┌──

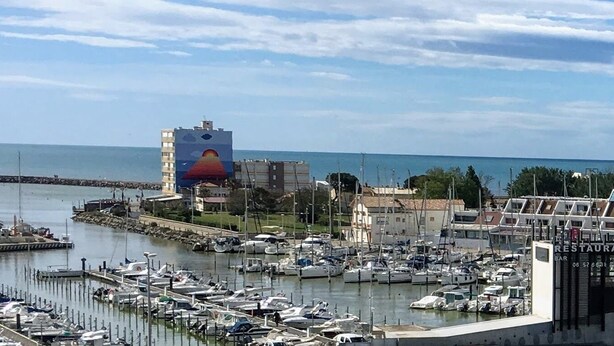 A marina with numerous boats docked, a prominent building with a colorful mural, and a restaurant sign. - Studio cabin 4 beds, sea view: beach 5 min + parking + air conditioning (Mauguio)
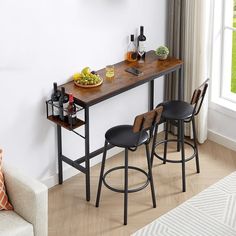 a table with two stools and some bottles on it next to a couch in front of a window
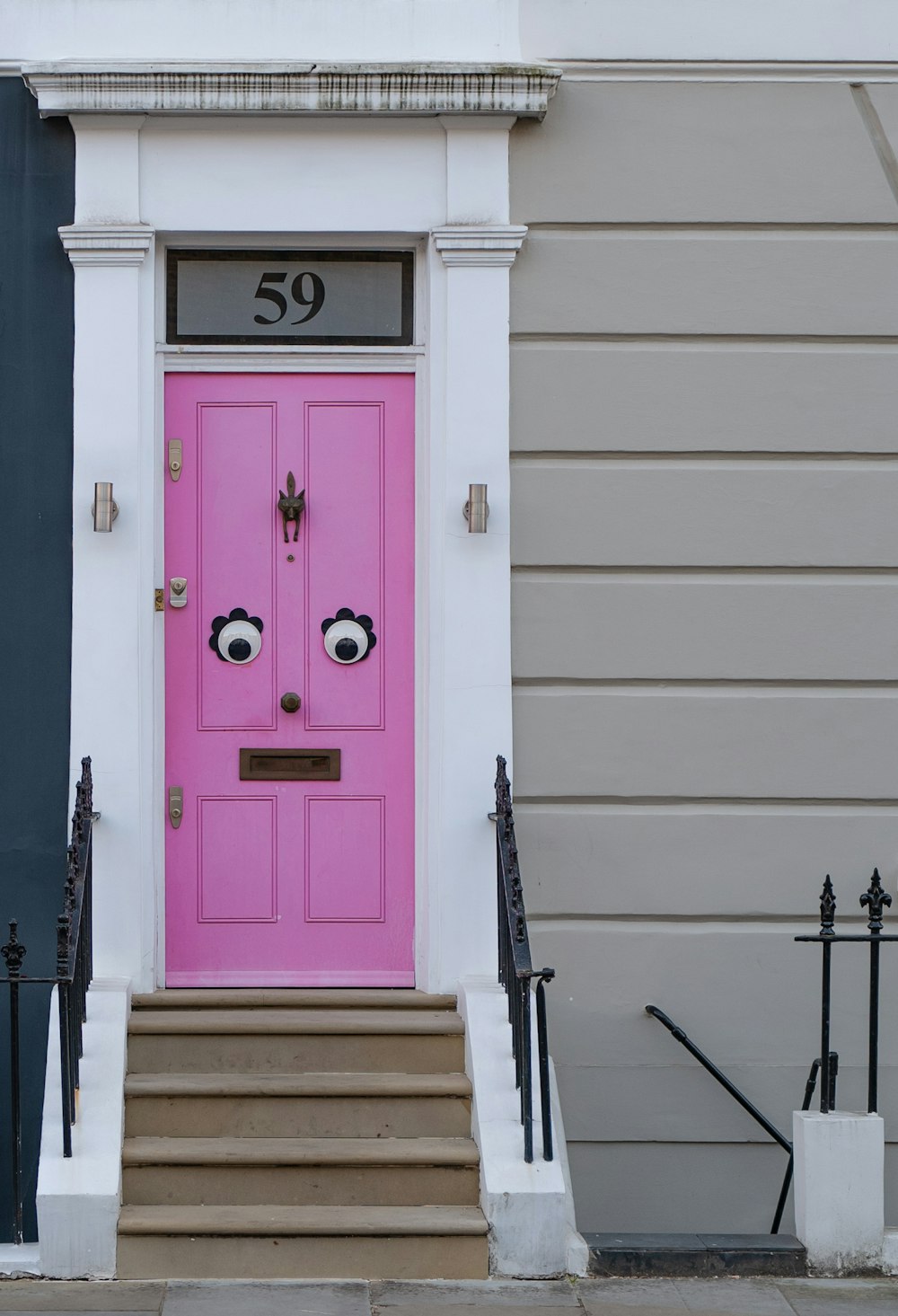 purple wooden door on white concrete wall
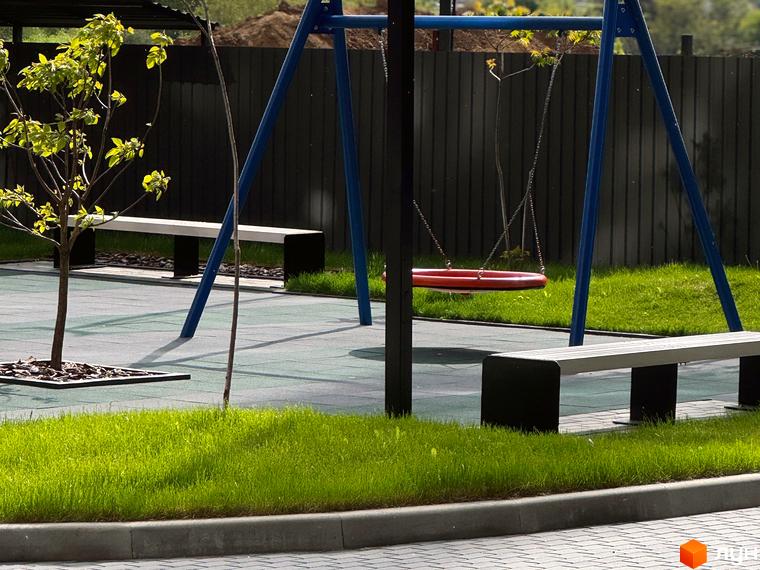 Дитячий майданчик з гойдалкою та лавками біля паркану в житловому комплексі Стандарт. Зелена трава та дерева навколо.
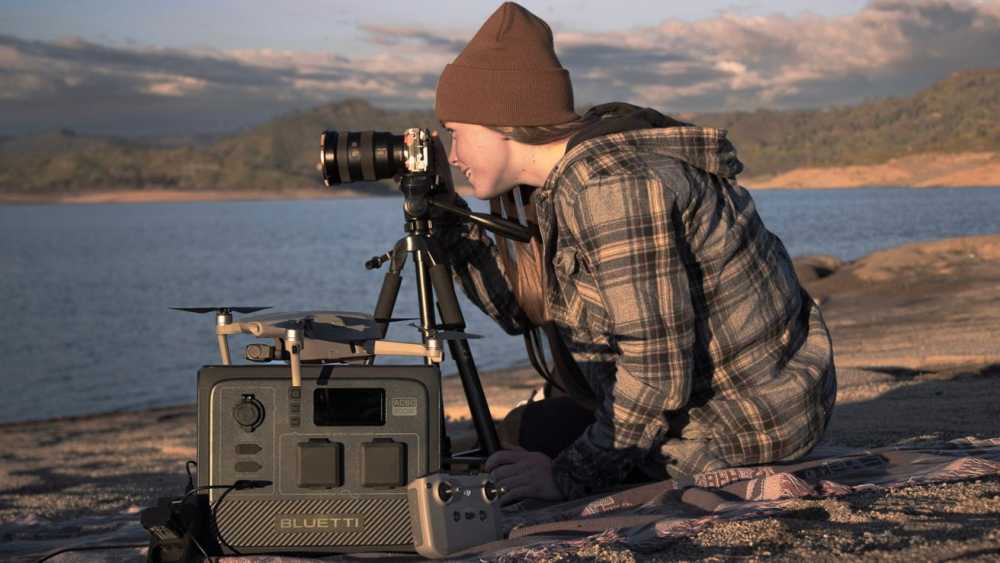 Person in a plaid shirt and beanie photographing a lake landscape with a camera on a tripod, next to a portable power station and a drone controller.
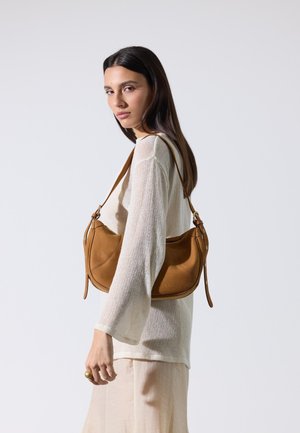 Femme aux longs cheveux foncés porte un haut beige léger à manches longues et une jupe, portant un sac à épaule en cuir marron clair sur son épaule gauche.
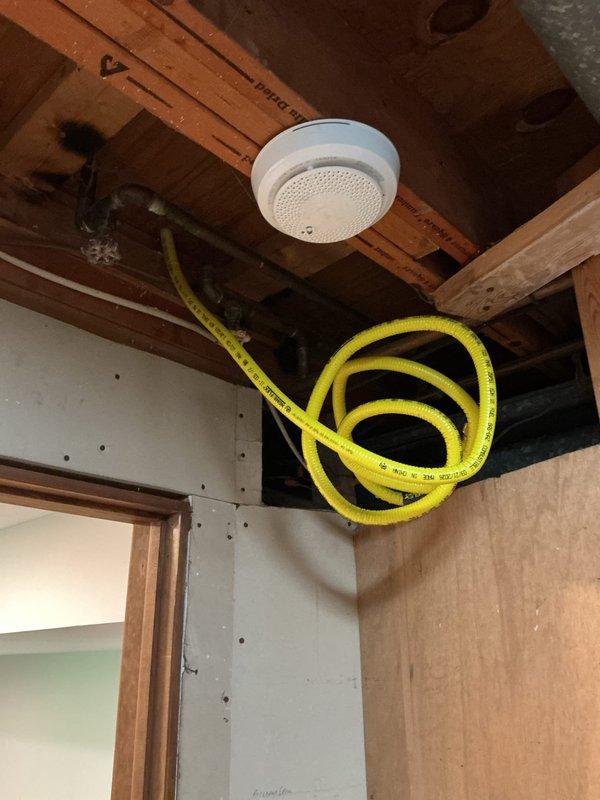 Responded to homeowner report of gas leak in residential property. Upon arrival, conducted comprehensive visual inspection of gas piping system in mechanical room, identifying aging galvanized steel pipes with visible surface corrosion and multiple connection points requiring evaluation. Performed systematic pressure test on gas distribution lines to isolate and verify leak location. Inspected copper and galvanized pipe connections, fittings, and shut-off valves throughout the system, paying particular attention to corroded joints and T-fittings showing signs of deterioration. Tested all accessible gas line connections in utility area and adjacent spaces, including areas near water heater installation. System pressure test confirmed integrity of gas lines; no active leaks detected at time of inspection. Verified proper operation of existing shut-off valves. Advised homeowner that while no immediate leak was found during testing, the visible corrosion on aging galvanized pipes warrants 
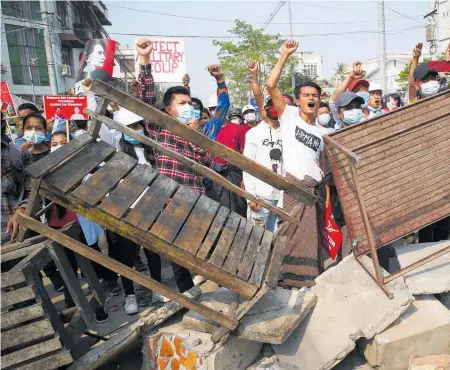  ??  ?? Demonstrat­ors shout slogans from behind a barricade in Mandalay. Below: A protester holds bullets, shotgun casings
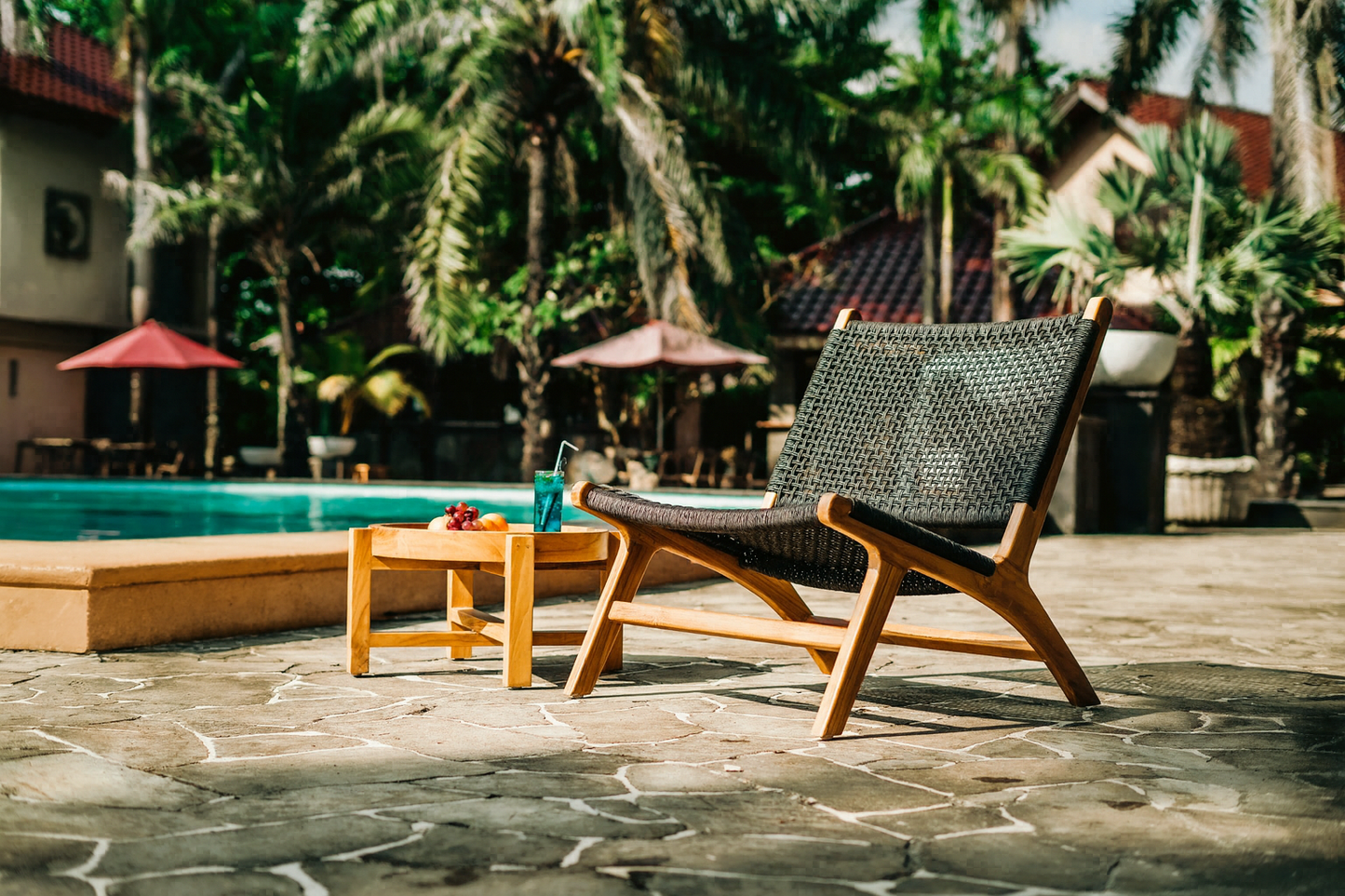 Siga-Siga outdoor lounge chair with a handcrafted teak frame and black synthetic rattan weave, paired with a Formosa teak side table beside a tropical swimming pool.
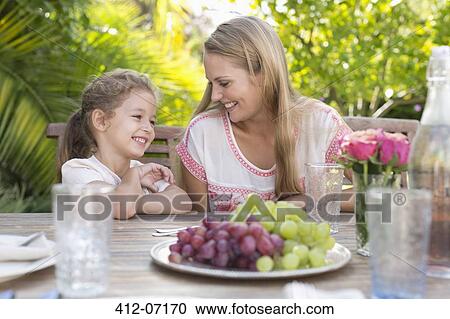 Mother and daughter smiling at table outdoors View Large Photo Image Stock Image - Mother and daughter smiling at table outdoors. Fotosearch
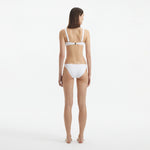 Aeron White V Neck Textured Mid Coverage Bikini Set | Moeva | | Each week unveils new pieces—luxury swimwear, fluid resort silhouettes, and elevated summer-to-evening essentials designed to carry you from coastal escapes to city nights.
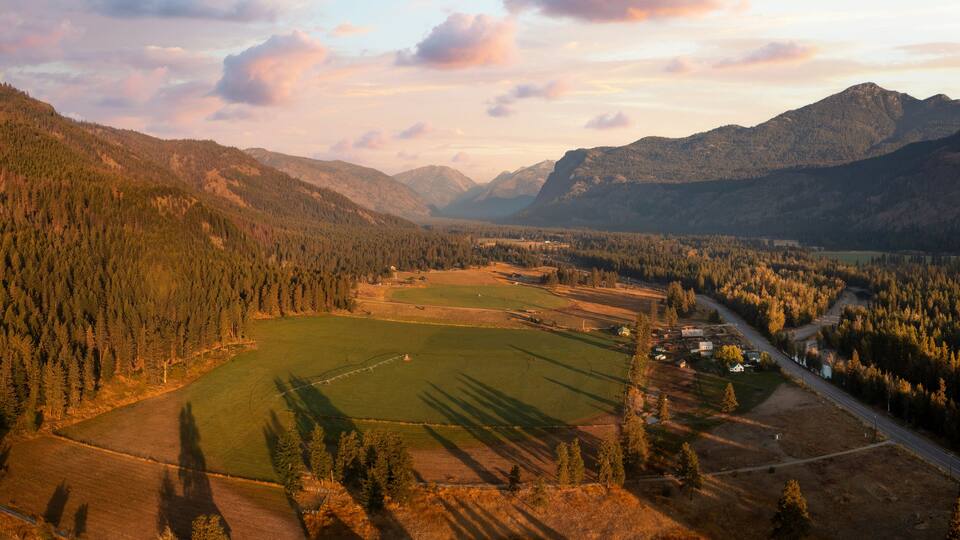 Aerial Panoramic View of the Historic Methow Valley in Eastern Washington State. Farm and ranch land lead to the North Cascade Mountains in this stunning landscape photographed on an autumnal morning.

└──

WORK TO COMPLETE
In your answer, repeat all the entries exactly, but leave out the pictures.

SOLUTION TO THE PROBLEM
 A marina with numerous boats docked, a prominent building with a colorful mural, and a restaurant sign. - Studio cabin 4 beds, sea view: beach 5 min + parking + air conditioning (Mauguio)
 a table with two stools and some bottles on it next to a couch in front of a window
 purple wooden door on white concrete wall
 Дитячий майданчик з гойдалкою та лавками біля паркану в житловому комплексі Стандарт. Зелена трава та дерева навколо.
 Person in a plaid shirt and beanie photographing a lake landscape with a camera on a tripod, next to a portable power station and a drone controller.
 Femme aux longs cheveux foncés porte un haut beige léger à manches longues et une jupe, portant un sac à épaule en cuir marron clair sur son épaule gauche.
 Responded to homeowner report of gas leak in residential property. Upon arrival, conducted comprehensive visual inspection of gas piping system in mechanical room, identifying aging galvanized steel pipes with visible surface corrosion and multiple connection points requiring evaluation. Performed systematic pressure test on gas distribution lines to isolate and verify leak location. Inspected copper and galvanized pipe connections, fittings, and shut-off valves throughout the system, paying particular attention to corroded joints and T-fittings showing signs of deterioration. Tested all accessible gas line connections in utility area and adjacent spaces, including areas near water heater installation. System pressure test confirmed integrity of gas lines; no active leaks detected at time of inspection. Verified proper operation of existing shut-off valves. Advised homeowner that while no immediate leak was found during testing, the visible corrosion on aging galvanized pipes warrants 
  ??  ?? Demonstrat­ors shout slogans from behind a barricade in Mandalay. Below: A protester holds bullets, shotgun casings
 Siga-Siga outdoor lounge chair with a handcrafted teak frame and black synthetic rattan weave, paired with a Formosa teak side table beside a tropical swimming pool.
 Mother and daughter smiling at table outdoors View Large Photo Image Stock Image - Mother and daughter smiling at table outdoors. Fotosearch
 Aeron White V Neck Textured Mid Coverage Bikini Set | Moeva | | Each week unveils new pieces—luxury swimwear, fluid resort silhouettes, and elevated summer-to-evening essentials designed to carry you from coastal escapes to city nights.
 Aerial Panoramic View of the Historic Methow Valley in Eastern Washington State. Farm and ranch land lead to the North Cascade Mountains in this stunning landscape photographed on an autumnal morning.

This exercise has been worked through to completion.